What to work on:
In the data below, one line contains "Hatay'da depremden 30" and a later one contains "Aminess Style Camping". Print both, with every line between them, exactly and alone.

Material to process:
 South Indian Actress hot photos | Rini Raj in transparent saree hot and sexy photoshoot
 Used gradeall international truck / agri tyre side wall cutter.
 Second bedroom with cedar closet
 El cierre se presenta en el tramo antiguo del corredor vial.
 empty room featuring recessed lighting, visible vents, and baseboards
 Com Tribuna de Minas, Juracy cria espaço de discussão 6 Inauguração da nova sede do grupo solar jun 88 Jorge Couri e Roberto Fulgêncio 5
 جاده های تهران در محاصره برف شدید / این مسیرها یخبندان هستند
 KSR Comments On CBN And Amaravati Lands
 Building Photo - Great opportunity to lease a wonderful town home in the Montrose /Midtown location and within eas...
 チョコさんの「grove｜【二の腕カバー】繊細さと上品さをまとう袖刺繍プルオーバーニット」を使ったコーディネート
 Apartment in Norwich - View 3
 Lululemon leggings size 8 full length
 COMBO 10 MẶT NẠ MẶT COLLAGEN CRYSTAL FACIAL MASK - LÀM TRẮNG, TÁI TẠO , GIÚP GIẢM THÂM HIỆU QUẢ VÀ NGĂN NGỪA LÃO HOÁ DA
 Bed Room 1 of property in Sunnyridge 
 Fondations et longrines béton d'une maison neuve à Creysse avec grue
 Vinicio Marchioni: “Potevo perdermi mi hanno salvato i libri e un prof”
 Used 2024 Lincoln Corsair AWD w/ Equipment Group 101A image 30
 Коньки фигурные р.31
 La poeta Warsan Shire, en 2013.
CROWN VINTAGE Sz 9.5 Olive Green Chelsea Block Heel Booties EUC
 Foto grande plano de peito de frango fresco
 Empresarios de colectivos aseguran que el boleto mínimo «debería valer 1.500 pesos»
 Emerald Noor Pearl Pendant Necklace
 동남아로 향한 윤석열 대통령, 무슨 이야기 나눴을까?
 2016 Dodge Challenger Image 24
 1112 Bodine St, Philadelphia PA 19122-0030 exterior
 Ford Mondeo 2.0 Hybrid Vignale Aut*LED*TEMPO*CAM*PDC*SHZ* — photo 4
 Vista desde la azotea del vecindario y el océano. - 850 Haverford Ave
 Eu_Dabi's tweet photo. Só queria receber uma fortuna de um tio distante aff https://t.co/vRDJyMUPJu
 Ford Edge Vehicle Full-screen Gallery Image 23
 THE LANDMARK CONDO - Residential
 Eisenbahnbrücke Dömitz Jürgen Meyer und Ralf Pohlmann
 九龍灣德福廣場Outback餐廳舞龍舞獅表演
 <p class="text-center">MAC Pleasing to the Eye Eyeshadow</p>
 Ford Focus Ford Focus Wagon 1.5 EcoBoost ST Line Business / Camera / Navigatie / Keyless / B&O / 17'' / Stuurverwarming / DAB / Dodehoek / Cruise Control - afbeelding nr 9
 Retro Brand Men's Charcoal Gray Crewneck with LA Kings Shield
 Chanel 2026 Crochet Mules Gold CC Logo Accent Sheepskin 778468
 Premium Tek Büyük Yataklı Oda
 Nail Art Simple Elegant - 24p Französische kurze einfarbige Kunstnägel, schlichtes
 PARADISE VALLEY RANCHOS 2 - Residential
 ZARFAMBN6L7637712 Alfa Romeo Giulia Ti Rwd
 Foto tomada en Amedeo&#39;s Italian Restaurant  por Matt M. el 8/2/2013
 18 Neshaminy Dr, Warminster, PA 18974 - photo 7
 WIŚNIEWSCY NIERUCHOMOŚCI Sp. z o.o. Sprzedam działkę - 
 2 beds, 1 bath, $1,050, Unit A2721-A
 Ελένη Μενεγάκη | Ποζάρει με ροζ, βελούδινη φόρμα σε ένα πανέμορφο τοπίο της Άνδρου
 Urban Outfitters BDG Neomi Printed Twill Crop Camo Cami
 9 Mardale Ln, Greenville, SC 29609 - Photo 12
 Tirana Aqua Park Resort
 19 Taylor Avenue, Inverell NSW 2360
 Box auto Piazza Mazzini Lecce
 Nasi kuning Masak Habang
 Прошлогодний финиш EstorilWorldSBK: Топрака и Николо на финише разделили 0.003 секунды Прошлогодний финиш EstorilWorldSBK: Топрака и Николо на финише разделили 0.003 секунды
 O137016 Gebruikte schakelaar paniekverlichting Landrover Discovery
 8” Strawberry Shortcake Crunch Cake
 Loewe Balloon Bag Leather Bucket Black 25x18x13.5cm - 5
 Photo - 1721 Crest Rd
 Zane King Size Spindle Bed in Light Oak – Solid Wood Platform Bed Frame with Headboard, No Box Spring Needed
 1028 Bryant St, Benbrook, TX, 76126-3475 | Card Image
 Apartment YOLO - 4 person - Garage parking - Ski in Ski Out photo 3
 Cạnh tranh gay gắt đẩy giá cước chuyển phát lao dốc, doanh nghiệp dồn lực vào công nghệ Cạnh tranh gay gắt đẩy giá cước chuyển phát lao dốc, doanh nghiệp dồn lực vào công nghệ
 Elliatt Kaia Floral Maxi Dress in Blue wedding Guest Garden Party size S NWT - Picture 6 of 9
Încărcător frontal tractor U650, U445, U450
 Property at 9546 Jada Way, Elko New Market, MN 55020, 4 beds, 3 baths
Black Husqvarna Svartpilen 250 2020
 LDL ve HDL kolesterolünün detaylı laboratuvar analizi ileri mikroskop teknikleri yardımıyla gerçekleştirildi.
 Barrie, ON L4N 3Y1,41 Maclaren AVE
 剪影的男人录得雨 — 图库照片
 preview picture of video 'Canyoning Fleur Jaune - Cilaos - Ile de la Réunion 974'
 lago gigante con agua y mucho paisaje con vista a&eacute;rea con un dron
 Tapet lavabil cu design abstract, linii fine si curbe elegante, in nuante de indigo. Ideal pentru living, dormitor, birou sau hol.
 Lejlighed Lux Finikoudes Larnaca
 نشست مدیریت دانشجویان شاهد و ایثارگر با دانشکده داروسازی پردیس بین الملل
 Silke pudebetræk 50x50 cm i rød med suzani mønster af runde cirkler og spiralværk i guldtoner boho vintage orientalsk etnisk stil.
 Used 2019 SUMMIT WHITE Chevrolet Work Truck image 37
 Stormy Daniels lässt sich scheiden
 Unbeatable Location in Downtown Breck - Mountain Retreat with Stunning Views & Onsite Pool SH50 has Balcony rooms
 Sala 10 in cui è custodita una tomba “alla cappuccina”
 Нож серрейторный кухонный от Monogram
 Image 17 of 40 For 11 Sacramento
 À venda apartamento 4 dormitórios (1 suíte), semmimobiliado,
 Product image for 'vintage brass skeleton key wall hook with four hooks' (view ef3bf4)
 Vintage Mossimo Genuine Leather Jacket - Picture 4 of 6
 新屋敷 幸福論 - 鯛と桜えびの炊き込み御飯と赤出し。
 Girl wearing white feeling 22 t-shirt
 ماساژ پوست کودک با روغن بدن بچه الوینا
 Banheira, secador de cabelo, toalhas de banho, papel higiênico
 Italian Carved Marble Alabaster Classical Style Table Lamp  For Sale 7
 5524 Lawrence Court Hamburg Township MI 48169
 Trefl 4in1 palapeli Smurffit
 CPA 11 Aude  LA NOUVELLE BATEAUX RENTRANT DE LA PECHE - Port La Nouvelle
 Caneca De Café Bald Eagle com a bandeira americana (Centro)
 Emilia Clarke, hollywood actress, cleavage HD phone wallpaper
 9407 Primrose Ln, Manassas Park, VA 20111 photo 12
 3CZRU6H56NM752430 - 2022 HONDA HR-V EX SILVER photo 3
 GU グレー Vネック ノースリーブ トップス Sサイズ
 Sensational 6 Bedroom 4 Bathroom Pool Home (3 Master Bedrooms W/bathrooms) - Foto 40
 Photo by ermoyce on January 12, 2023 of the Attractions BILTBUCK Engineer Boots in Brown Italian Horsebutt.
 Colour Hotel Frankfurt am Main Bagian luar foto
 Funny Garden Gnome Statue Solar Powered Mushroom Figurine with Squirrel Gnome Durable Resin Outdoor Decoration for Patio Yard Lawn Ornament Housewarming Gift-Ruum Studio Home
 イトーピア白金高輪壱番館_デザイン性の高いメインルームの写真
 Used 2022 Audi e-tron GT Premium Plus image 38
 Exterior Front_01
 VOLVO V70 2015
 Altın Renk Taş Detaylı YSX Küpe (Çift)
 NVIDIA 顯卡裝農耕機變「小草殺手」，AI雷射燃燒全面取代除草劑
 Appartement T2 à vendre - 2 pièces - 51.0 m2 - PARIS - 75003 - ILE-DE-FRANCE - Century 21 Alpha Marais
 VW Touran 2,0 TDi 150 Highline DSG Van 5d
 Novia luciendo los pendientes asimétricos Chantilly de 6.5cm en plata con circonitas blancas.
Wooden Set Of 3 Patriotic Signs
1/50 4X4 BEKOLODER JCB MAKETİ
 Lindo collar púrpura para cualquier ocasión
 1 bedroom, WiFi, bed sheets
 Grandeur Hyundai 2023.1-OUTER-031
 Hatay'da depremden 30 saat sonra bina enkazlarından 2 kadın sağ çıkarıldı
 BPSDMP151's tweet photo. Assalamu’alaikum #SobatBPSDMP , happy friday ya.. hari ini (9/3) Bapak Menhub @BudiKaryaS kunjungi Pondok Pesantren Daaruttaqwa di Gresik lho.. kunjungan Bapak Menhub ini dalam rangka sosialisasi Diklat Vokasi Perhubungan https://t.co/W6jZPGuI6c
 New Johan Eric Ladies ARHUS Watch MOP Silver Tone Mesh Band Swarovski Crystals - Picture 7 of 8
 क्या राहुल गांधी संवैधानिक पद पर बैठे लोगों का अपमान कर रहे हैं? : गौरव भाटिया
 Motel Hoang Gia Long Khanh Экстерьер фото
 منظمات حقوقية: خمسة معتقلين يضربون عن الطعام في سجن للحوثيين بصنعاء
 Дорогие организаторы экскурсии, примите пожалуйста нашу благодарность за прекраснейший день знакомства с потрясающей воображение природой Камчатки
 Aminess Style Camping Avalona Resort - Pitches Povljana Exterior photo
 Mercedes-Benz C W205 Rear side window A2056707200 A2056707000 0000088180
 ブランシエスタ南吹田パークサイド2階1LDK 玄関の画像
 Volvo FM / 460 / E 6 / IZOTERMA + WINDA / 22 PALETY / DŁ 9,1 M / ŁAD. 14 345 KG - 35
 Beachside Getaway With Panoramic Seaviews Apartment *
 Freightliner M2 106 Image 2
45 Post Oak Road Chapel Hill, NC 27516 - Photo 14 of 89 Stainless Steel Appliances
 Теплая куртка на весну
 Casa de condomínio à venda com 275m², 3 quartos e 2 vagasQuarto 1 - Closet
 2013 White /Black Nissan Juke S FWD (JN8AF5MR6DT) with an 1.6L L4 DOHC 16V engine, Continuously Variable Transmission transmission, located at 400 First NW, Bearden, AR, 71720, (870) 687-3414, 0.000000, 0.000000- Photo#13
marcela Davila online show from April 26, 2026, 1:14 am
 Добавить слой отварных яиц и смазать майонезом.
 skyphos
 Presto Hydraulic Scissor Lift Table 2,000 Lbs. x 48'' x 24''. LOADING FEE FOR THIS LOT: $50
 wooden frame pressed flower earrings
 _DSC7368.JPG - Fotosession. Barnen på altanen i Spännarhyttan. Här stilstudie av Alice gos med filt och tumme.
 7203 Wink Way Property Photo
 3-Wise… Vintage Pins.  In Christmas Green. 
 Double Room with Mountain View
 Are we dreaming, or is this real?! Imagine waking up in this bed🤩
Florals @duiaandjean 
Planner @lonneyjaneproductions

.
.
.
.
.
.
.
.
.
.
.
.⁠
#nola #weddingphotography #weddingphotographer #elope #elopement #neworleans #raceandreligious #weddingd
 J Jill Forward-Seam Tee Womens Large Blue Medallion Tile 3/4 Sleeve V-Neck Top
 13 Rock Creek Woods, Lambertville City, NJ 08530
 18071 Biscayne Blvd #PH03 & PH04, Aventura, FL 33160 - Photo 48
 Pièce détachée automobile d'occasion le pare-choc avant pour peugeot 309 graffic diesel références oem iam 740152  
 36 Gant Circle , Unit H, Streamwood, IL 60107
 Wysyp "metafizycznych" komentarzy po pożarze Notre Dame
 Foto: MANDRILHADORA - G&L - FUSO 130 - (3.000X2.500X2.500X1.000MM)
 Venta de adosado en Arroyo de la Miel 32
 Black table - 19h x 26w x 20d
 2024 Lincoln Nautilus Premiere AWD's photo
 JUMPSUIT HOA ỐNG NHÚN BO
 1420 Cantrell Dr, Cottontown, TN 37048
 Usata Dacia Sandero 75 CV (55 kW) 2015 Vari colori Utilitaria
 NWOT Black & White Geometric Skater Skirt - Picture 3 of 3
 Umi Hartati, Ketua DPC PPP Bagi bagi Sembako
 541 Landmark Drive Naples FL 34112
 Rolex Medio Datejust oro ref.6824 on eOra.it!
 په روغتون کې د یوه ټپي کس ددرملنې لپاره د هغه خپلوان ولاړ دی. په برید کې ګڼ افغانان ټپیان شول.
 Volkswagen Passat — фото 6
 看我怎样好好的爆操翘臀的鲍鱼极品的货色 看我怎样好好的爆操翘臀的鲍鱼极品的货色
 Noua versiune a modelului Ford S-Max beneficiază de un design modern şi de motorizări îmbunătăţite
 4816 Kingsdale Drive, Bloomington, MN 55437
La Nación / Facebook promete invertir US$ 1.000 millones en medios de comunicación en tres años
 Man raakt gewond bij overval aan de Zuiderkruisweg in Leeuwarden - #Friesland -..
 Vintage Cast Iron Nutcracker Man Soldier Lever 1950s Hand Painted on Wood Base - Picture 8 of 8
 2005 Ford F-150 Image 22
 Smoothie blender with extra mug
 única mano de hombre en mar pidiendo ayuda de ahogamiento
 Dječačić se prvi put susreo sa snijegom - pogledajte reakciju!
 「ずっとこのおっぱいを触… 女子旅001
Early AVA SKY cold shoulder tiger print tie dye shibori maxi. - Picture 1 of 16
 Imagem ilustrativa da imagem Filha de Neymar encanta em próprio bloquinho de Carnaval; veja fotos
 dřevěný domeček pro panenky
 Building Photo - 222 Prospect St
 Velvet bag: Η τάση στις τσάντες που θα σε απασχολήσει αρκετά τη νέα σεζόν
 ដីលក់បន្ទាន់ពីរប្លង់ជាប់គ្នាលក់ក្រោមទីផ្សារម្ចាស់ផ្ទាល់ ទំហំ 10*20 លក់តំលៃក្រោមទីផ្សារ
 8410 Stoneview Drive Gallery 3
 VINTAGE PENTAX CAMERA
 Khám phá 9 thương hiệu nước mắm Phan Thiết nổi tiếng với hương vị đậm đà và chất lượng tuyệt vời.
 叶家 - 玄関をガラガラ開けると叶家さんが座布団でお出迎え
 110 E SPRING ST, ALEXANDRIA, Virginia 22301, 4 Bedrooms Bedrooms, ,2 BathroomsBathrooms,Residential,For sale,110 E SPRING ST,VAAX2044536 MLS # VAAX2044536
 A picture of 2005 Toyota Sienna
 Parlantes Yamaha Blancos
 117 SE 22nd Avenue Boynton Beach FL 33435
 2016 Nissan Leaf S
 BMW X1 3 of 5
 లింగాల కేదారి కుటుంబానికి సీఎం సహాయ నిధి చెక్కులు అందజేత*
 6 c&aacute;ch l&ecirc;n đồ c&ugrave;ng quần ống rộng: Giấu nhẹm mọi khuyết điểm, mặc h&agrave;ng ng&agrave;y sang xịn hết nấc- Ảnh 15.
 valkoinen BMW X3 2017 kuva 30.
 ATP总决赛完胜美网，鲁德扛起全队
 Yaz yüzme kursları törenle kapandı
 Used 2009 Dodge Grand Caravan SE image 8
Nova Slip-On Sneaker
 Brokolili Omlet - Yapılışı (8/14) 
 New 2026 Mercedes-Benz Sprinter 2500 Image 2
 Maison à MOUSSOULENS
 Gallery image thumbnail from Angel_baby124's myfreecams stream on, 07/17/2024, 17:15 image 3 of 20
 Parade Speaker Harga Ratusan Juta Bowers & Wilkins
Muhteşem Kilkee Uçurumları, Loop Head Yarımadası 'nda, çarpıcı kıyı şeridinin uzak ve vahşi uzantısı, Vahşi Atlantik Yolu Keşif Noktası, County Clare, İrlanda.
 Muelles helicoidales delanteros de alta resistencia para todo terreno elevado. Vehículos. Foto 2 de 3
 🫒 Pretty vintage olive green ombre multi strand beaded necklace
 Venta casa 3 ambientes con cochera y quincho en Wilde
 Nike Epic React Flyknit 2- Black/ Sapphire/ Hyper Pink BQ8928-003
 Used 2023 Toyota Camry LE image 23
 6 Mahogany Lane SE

Output for this task:
 Hatay'da depremden 30 saat sonra bina enkazlarından 2 kadın sağ çıkarıldı
 BPSDMP151's tweet photo. Assalamu’alaikum #SobatBPSDMP , happy friday ya.. hari ini (9/3) Bapak Menhub @BudiKaryaS kunjungi Pondok Pesantren Daaruttaqwa di Gresik lho.. kunjungan Bapak Menhub ini dalam rangka sosialisasi Diklat Vokasi Perhubungan https://t.co/W6jZPGuI6c
 New Johan Eric Ladies ARHUS Watch MOP Silver Tone Mesh Band Swarovski Crystals - Picture 7 of 8
 क्या राहुल गांधी संवैधानिक पद पर बैठे लोगों का अपमान कर रहे हैं? : गौरव भाटिया
 Motel Hoang Gia Long Khanh Экстерьер фото
 منظمات حقوقية: خمسة معتقلين يضربون عن الطعام في سجن للحوثيين بصنعاء
 Дорогие организаторы экскурсии, примите пожалуйста нашу благодарность за прекраснейший день знакомства с потрясающей воображение природой Камчатки
 Aminess Style Camping Avalona Resort - Pitches Povljana Exterior photo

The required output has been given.